Tuttavia, per molti imprenditori europei e non solo, quello raggiunto in Canada non è affatto un accordo da gettare alle ortiche. Innanzitutto perché, forse è banale dirlo, non erano gli Stati Uniti l’obiettivo principale della tassa minima globale, bensì i paradisi fiscali. Inoltre le aziende statunitensi non vengono esentate da ogni forma di imposizione fiscale
Tuttavia, per molti imprenditori europei e non solo, quello raggiunto in Canada non è affatto un accordo da gettare alle ortiche.

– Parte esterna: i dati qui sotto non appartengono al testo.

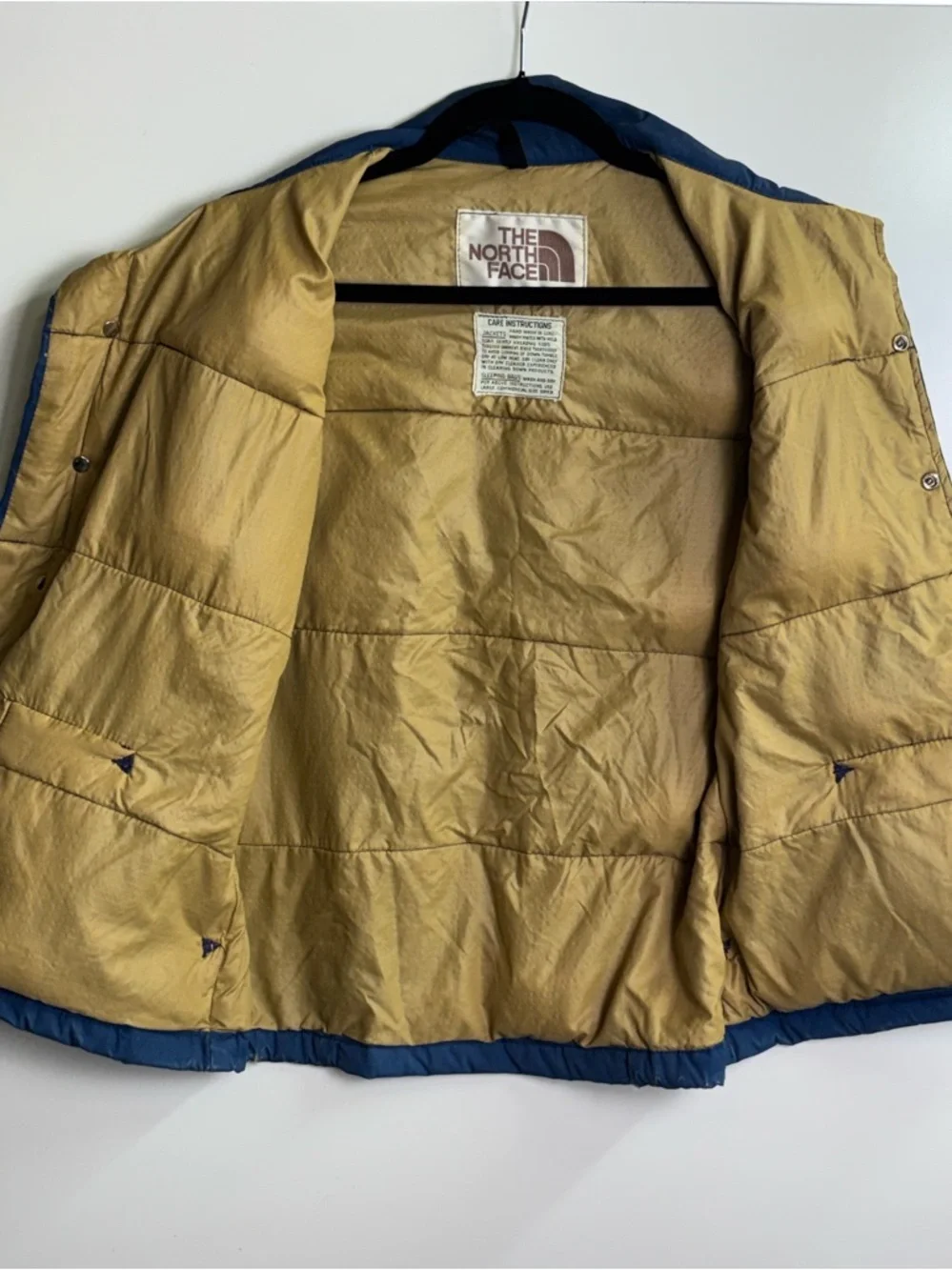 Rare Vintage 70s The North Face Brown Label Down Vest XS Blue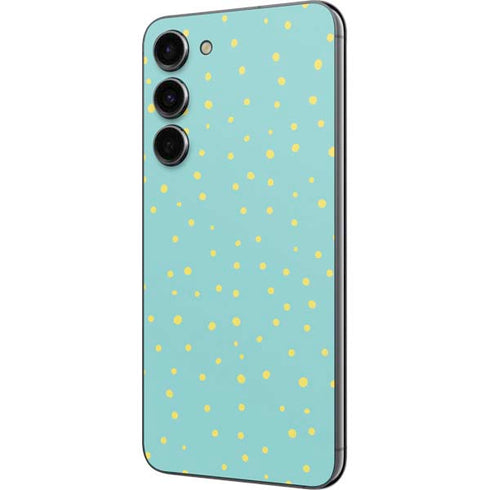 Teal and Yellow Polka Dots Galaxy S23 Plus Skin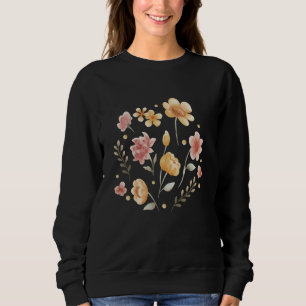 Sweatshirt Fleurs florales et aquarelle feuille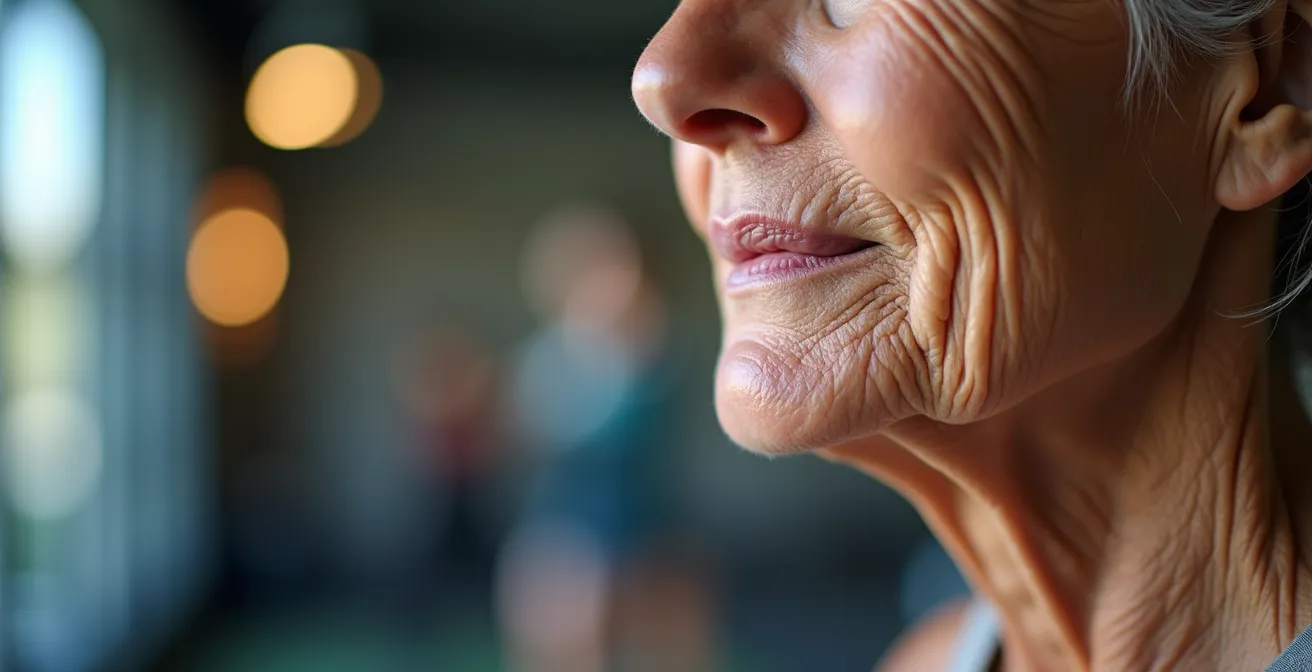 Senior pratiquant le test de la parole pendant un exercice physique modéré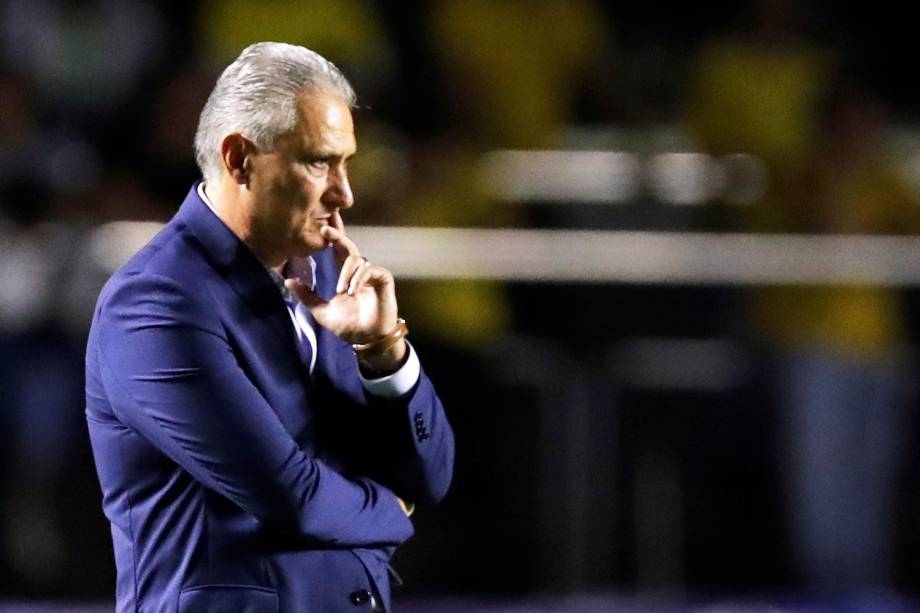 Tite, técnico da Seleção Brasileira, durante partida entre Brasil e Bolívia - 14/06/2019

Innanzitutto perché, forse è banale dirlo, non erano gli Stati Uniti l’obiettivo principale della tassa minima globale, bensì i paradisi fiscali. Inoltre le aziende statunitensi non vengono esentate da ogni forma di imposizione fiscale. Washington infatti nel 2017 ha introdotto un regime di tassazione minima (Gilti) per i profitti dichiarati all’estero che risultano sotto-tassati, con un’aliquota effettiva media e un metodo di calcolo dell’imponibile che non la rendono poi tanto più conveniente del progetto di tassa minima globale. Non solo: togliendo dal tavolo del negoziato la Section 899 del Big Beautiful Bill in discussione al Congresso americano, si disinnesca un possibile meccanismo di ritorsione nelle mani di Trump, pronto per essere utilizzato con qualsiasi pretesto, ristabilendo così per gli imprenditori almeno un po’ di certezza (fiscale) nei mesi a venire. Infine, come notato dal think tank europeista Bruegel Institute, quanto avvenuto «potrebbe contraddire le aspettative di quanti ritenevano che la tassa minima globale non sarebbe sopravvissuta al secondo mandato presidenziale di Trump». In altre parole, il confronto si mantiene sui binari di quel multilateralismo al quale la nuova Casa Bianca sembra a volte allergica, non deraglia su un terreno da Far west senza regole. Sono state forse considerazioni simili a spingere il nostro ministro dell’Economia, Giancarlo Giorgetti, a parlare di «compromesso onorevole». Un equilibrio difficile da preservare, frutto senz’altro di un atteggiamento più assertivo degli Stati Uniti a difesa dell’interesse nazionale (atteggiamento a dire il vero condiviso dal Congresso di Washington già negli scorsi anni), e che l’Europa dovrà tutelare ponendo fine in modo proattivo al suo monotono gioco di rimessa.